The state needs to help with economic development and mandated use of the program would interfere with that, she said.
The bill would prevent state and local governments from requiring employers to use E-Verify as a condition of receiving a contract, applying for or maintaining a business license or as a penalty for violating licensing or similar laws.
Kennewick city Councilman Bob Parks said he doesn't think it is a coincidence that Kennewick recently adopted the E-Verify requirement and state legislators have introduced a bill to prevent local governments from having a say in who uses the program.
"They don't care about taking jobs away from legitimate citizens," he said.
It's against the law to knowingly employ someone who is in the country illegally, Parks said. He wants to make sure that legitimate contractors are awarded city contracts and aren't outbid by employers who don't use E-Verify.

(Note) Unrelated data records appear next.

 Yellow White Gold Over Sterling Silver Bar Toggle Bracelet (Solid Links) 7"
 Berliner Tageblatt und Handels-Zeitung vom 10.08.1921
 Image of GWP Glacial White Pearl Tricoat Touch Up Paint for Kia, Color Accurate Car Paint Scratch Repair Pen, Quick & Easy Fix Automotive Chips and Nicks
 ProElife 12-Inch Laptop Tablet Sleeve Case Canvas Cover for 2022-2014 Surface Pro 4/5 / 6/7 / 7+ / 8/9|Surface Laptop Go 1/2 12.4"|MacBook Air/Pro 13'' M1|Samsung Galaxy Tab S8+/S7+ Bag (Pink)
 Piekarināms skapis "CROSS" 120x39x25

That's why the policy doesn't include a dollar amount that would trigger the requirement, he said. No matter the size of the contract, it still is taxpayer money, Parks said.

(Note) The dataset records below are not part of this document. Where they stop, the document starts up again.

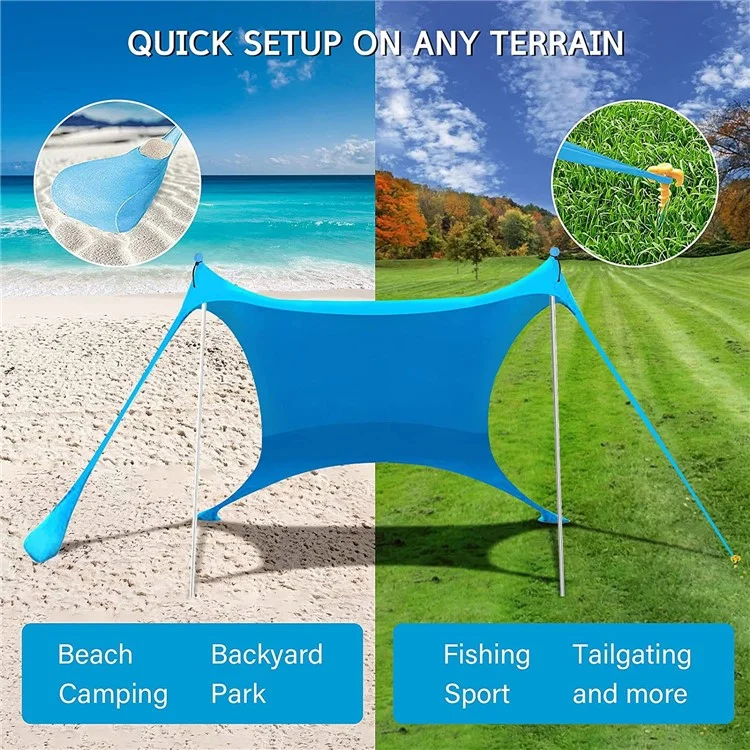 Beach Tent Canopy Sun Shelter Anti-UV Sun Shade Tents for Fishing Backyard Camping, 4x6-Sectionn Rod, 210x170x200cm - Sapphire
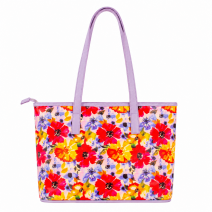 5718 PINK FLORAL PU LARGE TOP ZIP TOTE/SHOPPING/SHOULDER BAG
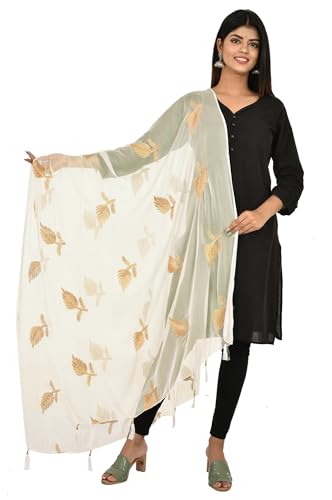 Image of YOUTHQUAKE Women's Golden Patti Work Embroidered Chiffon Dupatta for Womens & Girls With Latkan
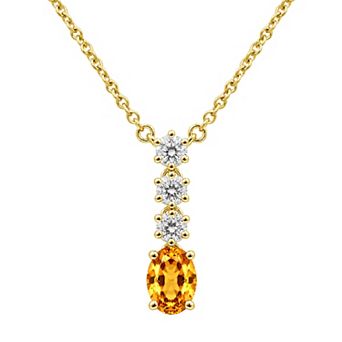 Jewelexcess Sterling Silver 1/3 Carat T.W. Lab-Grown Diamond & Simulated Gemstone Pendant Necklace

Kennewick business Apollo already uses E-Verify because federal jobs the company has received require it, said Emily Castle, the company's human resources manager.
"It's not difficult to use by any means," she said. "You just have to go through all the steps."
The program can be a burden to employers, especially smaller businesses, because of the time it takes to use the program's website, she said.
There are a lot of steps to verify an employee's eligibility through the program and it may take 10 minutes per employee, she said. The employer enters the information employees fill out on I-9 forms such as name, birth date and Social Security number. The time can vary depending on the identification submitted by the employee.
Each time someone is rehired by the company, the worker must be re-entered into the E-Verify system, she said.
Most of those who attended a Tuesday public hearing for the bill held by the House Labor & Workforce Development Committee in Olympia voiced support for limiting local governments' ability to require private companies to use E-Verify.
About 75 percent of the name mismatches identified by E-Verify are errors in the system, said Rebecca Johnson, Washington State Labor Council government affairs director. It's a flawed system that can prevent legal workers from working.
Pramila Jayapal, OneAmerica founder and executive director, told the House committee Tuesday that passing the bill would send a message to the federal government that comprehensive immigration reform is needed at the federal level. The Seattle-based immigration advocacy group has Tri-City members.
"Without immigration reform, any law that mandates E-Verify simply kills jobs," she said.
Mike Gempler, director of the Yakima-based Washington Growers League, said he would support mandatory E-Verify only if it was part of a larger reform that included a more flexible, useable temporary visa program and legalization for the current work force.
An enforcement-only approach would be destructive for the state's agricultural industry, he said.